This Java "Autograding Model" library evaluates projects based on a configurable set of metrics:
-
Test statistics (e.g., number of failed tests)
-
Code coverage (e.g., percentage of covered lines)
-
Mutation coverage (e.g., percentage of survived mutations)
-
Static analysis warnings (e.g., number of SpotBugs warnings)
-
Software metrics (e.g., cyclomatic complexity)
The full list of supported metrics is defined by the parsers in the analysis-model and coverage-model libraries, which this library uses to read tool reports.
The autograding library reads reports produced by other tools (e.g., JUnit, JaCoCo, SpotBugs), aggregates the results, and evaluates them. Depending on the configuration, it computes a score to assess overall quality or generates a metrics report without scoring. It is designed for CI environments such as Jenkins, GitHub Actions, and GitLab CI, and can annotate pull or merge requests. Quality gates can be enforced to fail a build if defined criteria are not met.
This autograding library is the foundation for the following tools:
-
GitHub quality monitor: Monitors and enforces the quality of pull requests (or single commits) in GitHub.
-
GitHub autograding action: Computes an autograding score for student classroom projects in GitHub pull requests.
-
GitLab autograding action: Computes an autograding score for student projects in GitLab merge requests.
-
Jenkins autograding plugin: Shows the autograding results in Jenkins' UI.

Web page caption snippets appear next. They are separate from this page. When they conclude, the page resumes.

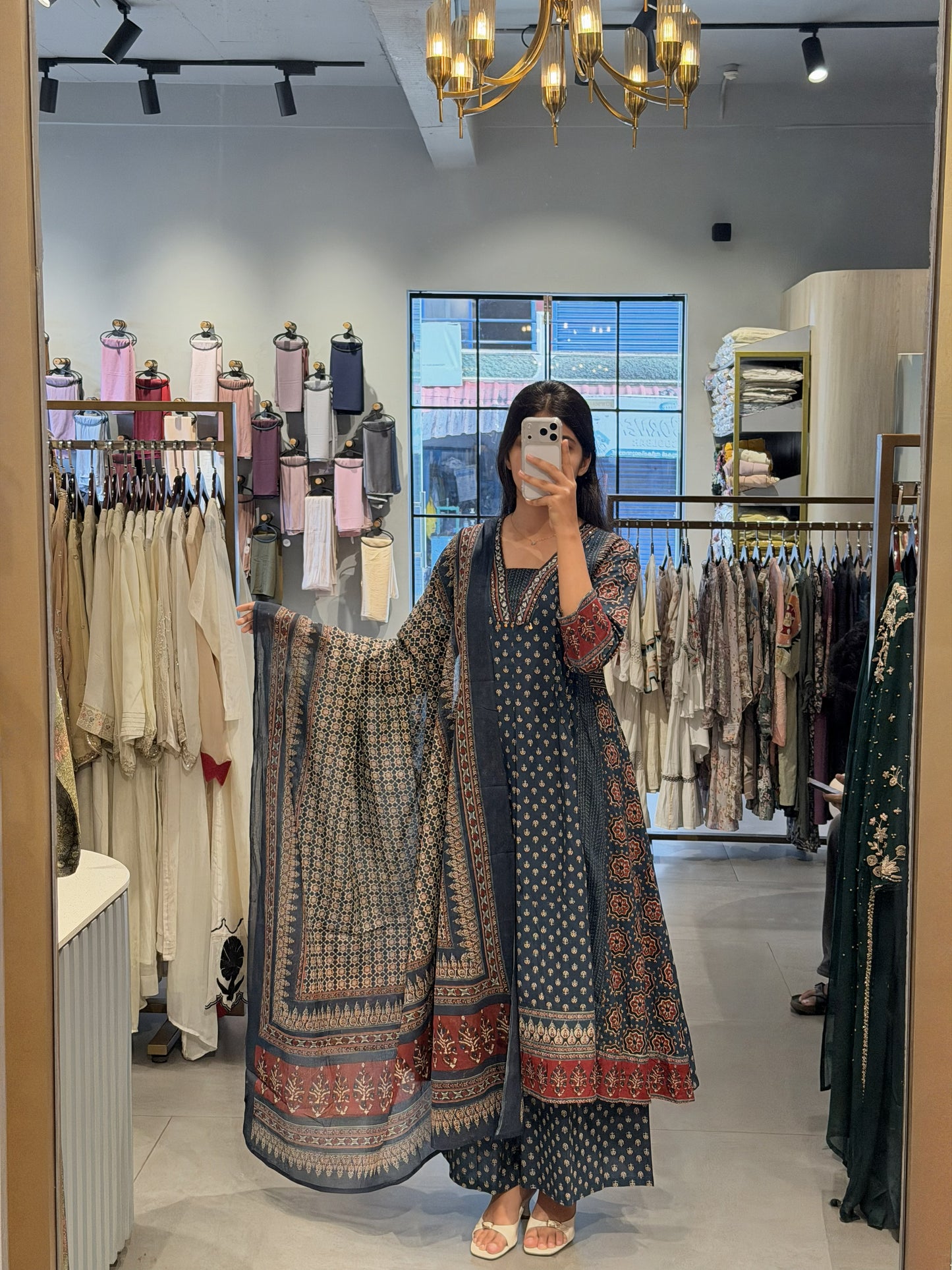 Indigo Printed Cotton Suit Set
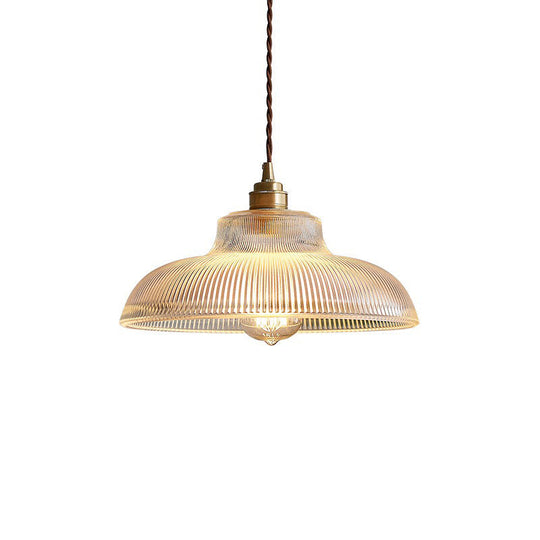 Retro Style Clear Ribbed Glass Pendant Lamp - Single-Bulb Hanging Light For Dining Room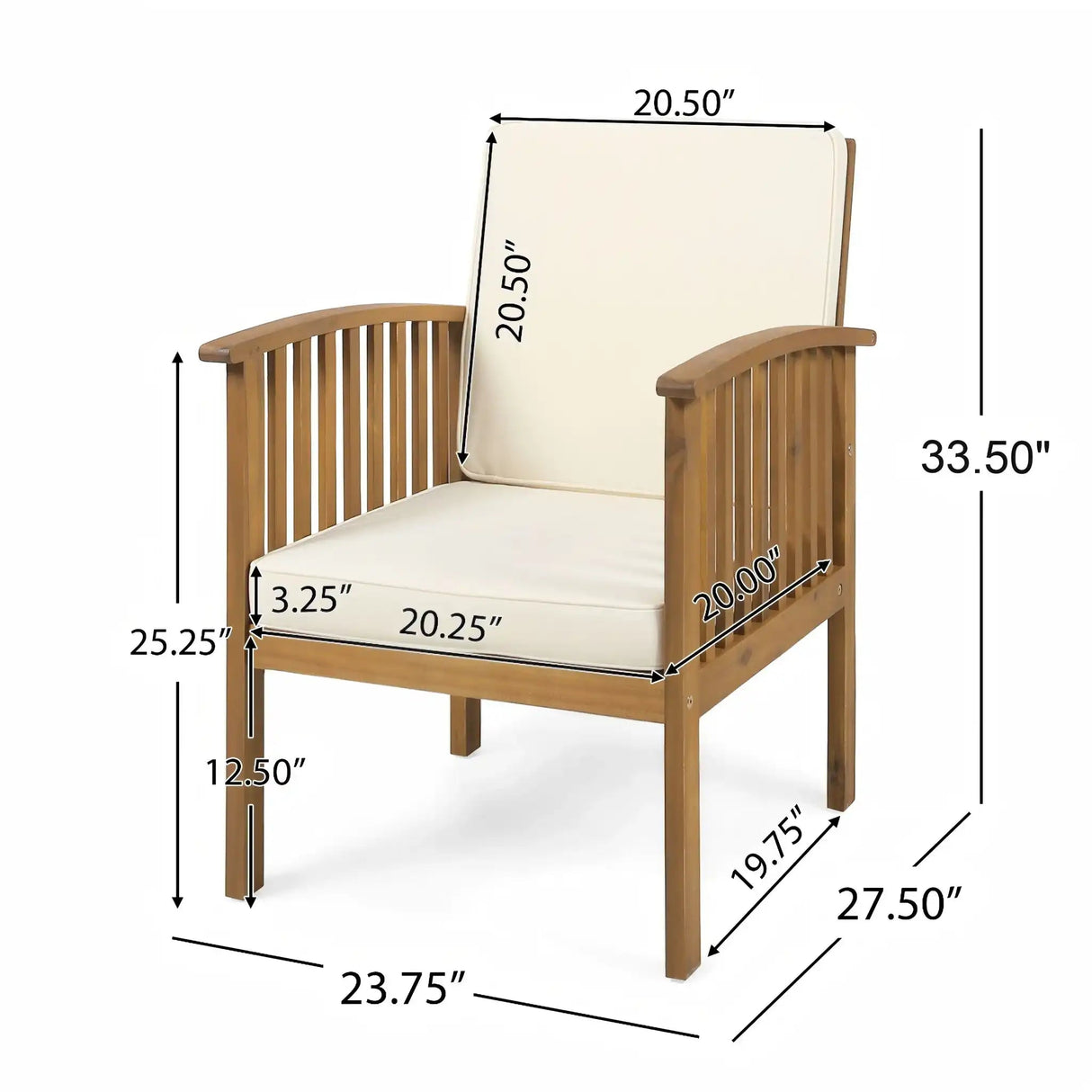Casa - Acacia Club Chair Coastal Classic Outdoor Seating, Waterproof Fabric - Best Buy Furniture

When you use this library to compute an autograding score, you must define the metrics, their tools, and the scoring criteria in a JSON configuration. Details about each metric are explained in the Metrics Documentation.
Example Autograding Configuration
{
"tests": {
"name": "JUnit Tests",
"id": "tests",
"tools": [
{
"id": "junit",
"name": "Unit Tests",
"pattern": "**/target/*-reports/TEST*.xml"
}
],
"failureRateImpact": -1,
"maxScore": 100
},
"analysis": [
{
"name": "Style",
"id": "style",
"tools": [
{
"id": "checkstyle",
"pattern": "**/target/**checkstyle-result.xml"
},
{
"id": "pmd",
"pattern": "**/target/pmd-*/pmd.xml"
}
],
"errorImpact": -1,
"highImpact": -1,
"normalImpact": -1,
"lowImpact": -1,
"maxScore": 100
},
{
"name": "Bugs",
"id": "bugs",
"icon": "bug",
"tools": [
{
"id": "spotbugs",
"sourcePath": "src/main/java",
"pattern": "**/target/spotbugsXml.xml"
}
],
"errorImpact": -3,
"highImpact": -3,
"normalImpact": -3,
"lowImpact": -3,
"maxScore": 100
}
],
"coverage": [
{
"name": "Code Coverage",
"tools": [
{
"id": "jacoco",
"name": "Line Coverage",
"metric": "line",
"sourcePath": "src/main/java",
"pattern": "**/target/site/jacoco/jacoco.xml"
},
{
"id": "jacoco",
"name": "Branch Coverage",
"metric": "branch",
"sourcePath": "src/main/java",
"pattern": "**/target/site/jacoco/jacoco.xml"
}
],
"maxScore": 100,
"missedPercentageImpact": -1
},
{
"name": "Mutation Coverage",
"tools": [
{
"id": "pit",
"name": "Mutation Coverage",
"metric": "mutation",
"sourcePath": "src/main/java",
"pattern": "**/target/pit-reports/mutations.xml"
},
{
"id": "pit",
"name": "Test Strength",
"metric": "test-strength",
"sourcePath": "src/main/java",
"pattern": "**/target/pit-reports/mutations.xml"
}
],
"maxScore": 100,
"missedPercentageImpact": -1
}
]
}
When you use this library to generate a metrics report without scores, you must define the individual metrics and their configuration in a JSON configuration, as shown below. This configuration is a subset of the autograding score configuration, without scoring criteria. Details about each metric are provided in the documentation at the end of this document.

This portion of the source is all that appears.